It isn’t long before Stan and Molly have their own act and are grifting New York elites as “The Great Stanton” and his lovely assistant. Stan has found success—but then psychologist Lillith Ritter (Cate Blanchett) enters his life, and the possibility of scamming her rich clients using her private notes and Stan’s skills is too tempting to resist…
That’s a lot of plot synopsis, and it’s really just the bare essentials—Nightmare Alley sprawls, from the gutters and overpasses of the underclass to the boardwalks of the carnival, to Park Avenue and the art deco palaces of the fabulously wealthy and morally bankrupt. Although it must be said that in the film’s moral universe, almost everyone is a fallen soul—a shill or a grifter, a predator or a patsy.
The ensemble cast—which also includes Willem Dafoe, Ron Perlman, Richard Jenkins, Mary Steenburgen, Clifton Collins Jr, Jim Beaver, Tim Blake Nelson, and Holt McCallany—are for the most part a rogues’ galley of the desperate, deranged and dangerous. And as ever in del Toro’s filmography, the most freakish characters to normie eyes are not the most depraved—the real monsters hide their evil behind dapper patter and seductive smiles.
Which brings us to Cooper’s Stanton, one of the most fascinating and evil protagonists in cinema since…well, if we’re going to stay in film noir’s broad church, Linda Fiorentino’s Bridget in 1994’s The Last Seduction. Stan is avarice made flesh, and it is never less than compelling to see how far he will go to climb the ladder of success. We recognise his hunger, and we know that nothing can sate it—there is no final destination, only the next rung matters.
In a cast not short of incredible actors, Cooper’s performance is utterly arresting, and watching him gradually shed layers of civility and protective camouflage until he stands, revealed, as his true monstrous self is a journey that would do Dante proud.

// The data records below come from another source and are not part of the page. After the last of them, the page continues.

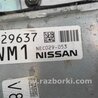 ФОТО Блок керування АКПП для Nissan Altima L33 Киев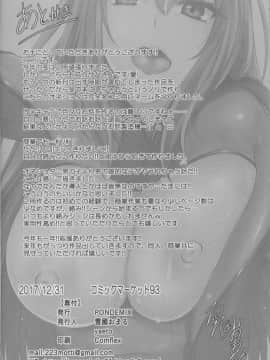 (C93) [PONDEMIX (雪國おまる)] FGO-MIX -if- (FateGrand Order) [黎欧×新桥月白日语社]_img041_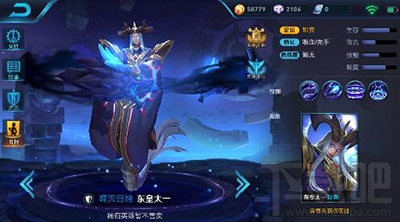王者荣耀东皇太一怎么出装？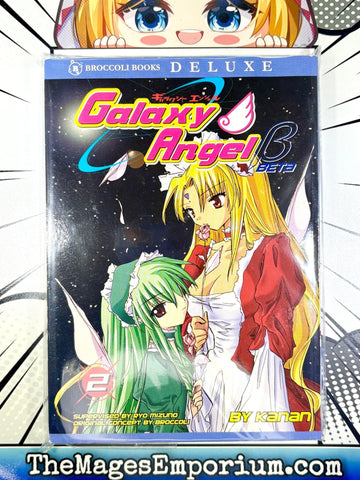 Galaxy Angel Beta Vol 2 (Online Order Only)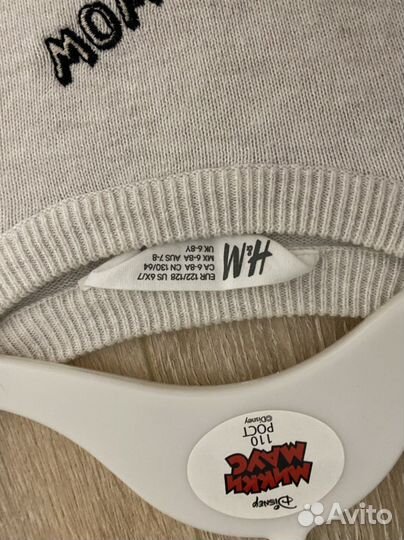 Джемпер hm на мальчика 122-128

Yet never has monstrosity looked so beautiful. Del Toro, working with cinematographer Dan Laustsen and production designer Tamara Deverell, has created a gorgeous phantasmagoria in which this funhouse fable plays out. Nightmare Alley never shoots for realism in its presentation, and we’re never under the impression that we’re watching anything other than a fiction, but that’s the point: like the works of del Toro’s beloved Symbolist painters, the bizarre, outré, and ‘unrealistic’ elements signify deeper truths. And if you don’t want to look deeper, it’s all so pretty you can just groove on the aesthetic—Blanchett’s gilded art deco office is worth the ticket price alone.
There is no more singular and distinct voice working in mainstream cinema than Guillermo del Toro right now, and Nightmare Alley might be the most thorough explication of his obsessions and themes yet. This is not a film that will make converts, and that’s okay. What it is, is a del Toro flick through and through: a macabre, mystical, carnival ride through a world of beautiful monsters and monstrous humans that reflects our own moral crises back to us like a funhouse mirror.